Copy every entry exactly as it reads and exclude whatever pictures appear.

==== Exercise data

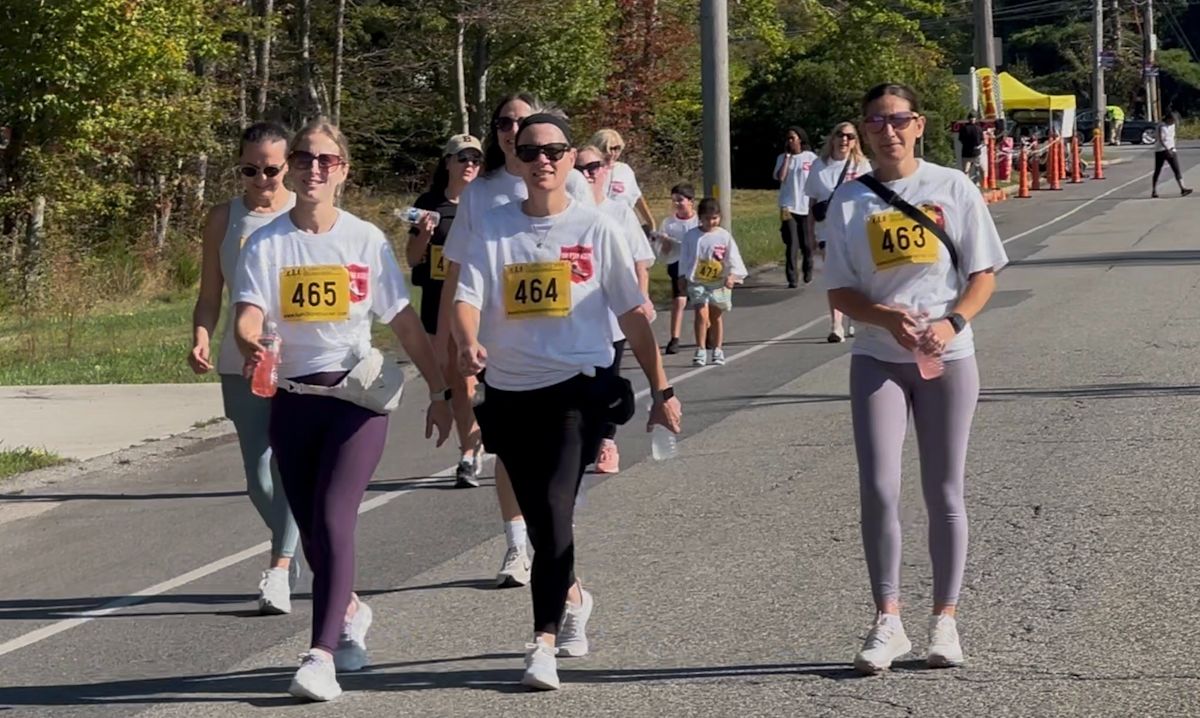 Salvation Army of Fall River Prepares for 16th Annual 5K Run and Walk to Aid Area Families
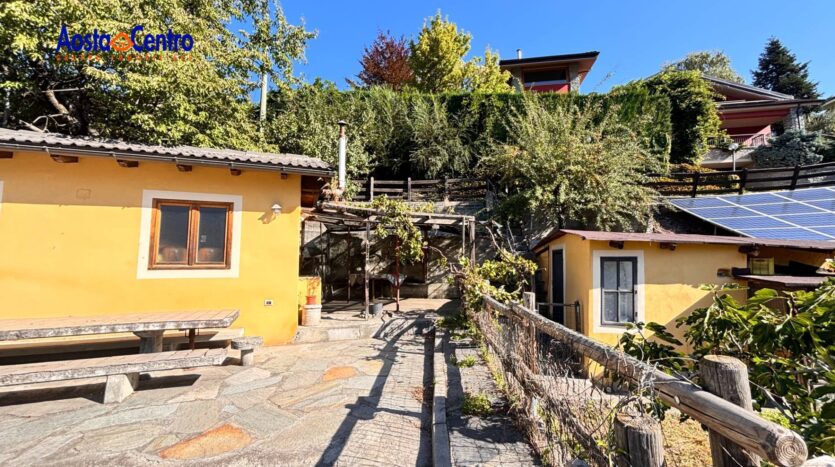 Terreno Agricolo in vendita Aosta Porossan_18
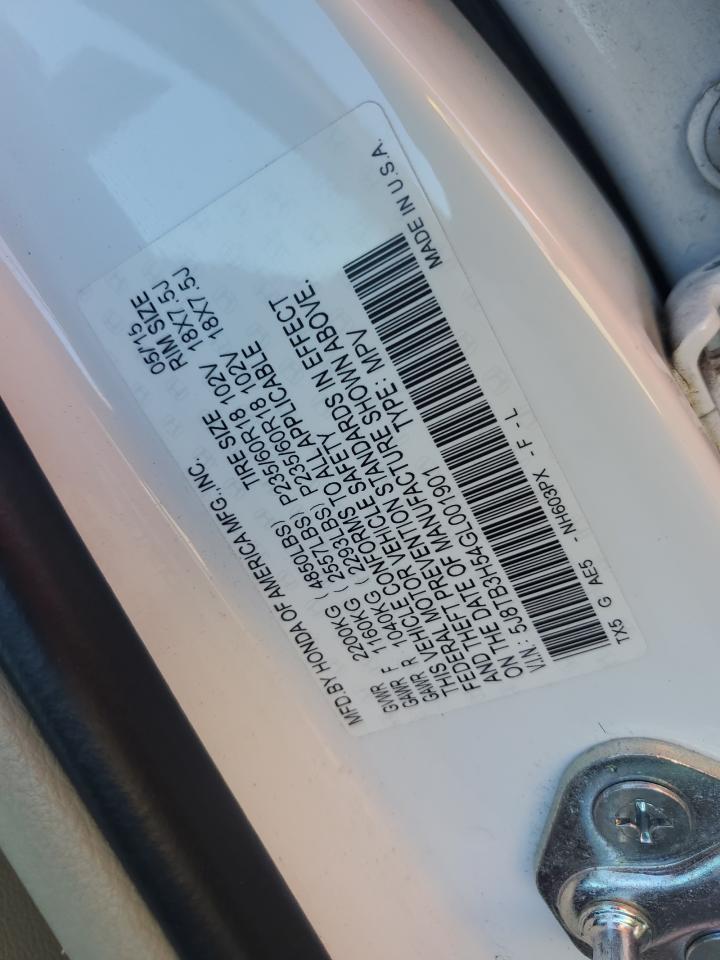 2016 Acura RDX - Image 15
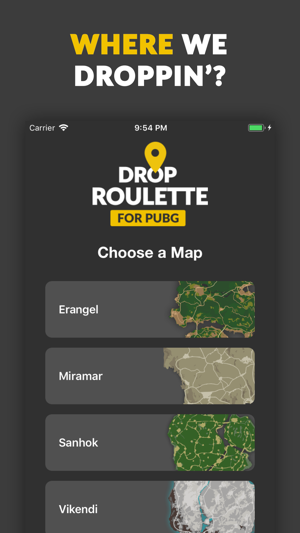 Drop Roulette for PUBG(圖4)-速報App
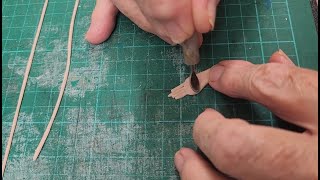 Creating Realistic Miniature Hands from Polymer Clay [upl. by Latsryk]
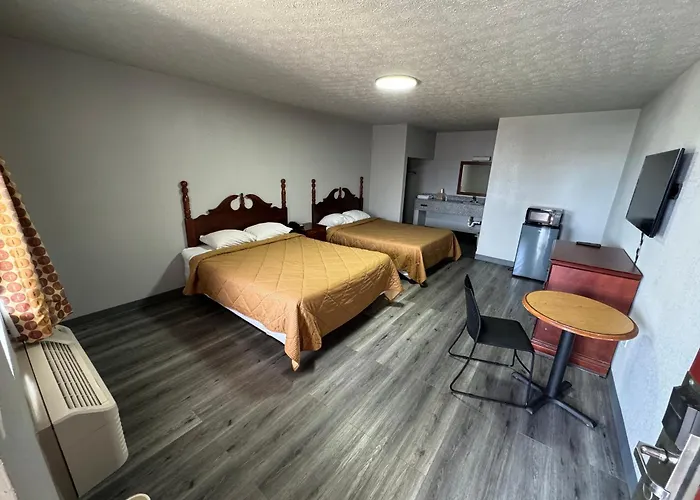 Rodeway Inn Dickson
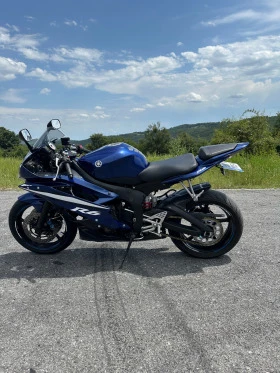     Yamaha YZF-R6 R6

========

Written answer:
 Salvation Army of Fall River Prepares for 16th Annual 5K Run and Walk to Aid Area Families
 Terreno Agricolo in vendita Aosta Porossan_18
 2016 Acura RDX - Image 15
 Drop Roulette for PUBG(圖4)-速報App
 Creating Realistic Miniature Hands from Polymer Clay [upl. by Latsryk]
 Rodeway Inn Dickson
     Yamaha YZF-R6 R6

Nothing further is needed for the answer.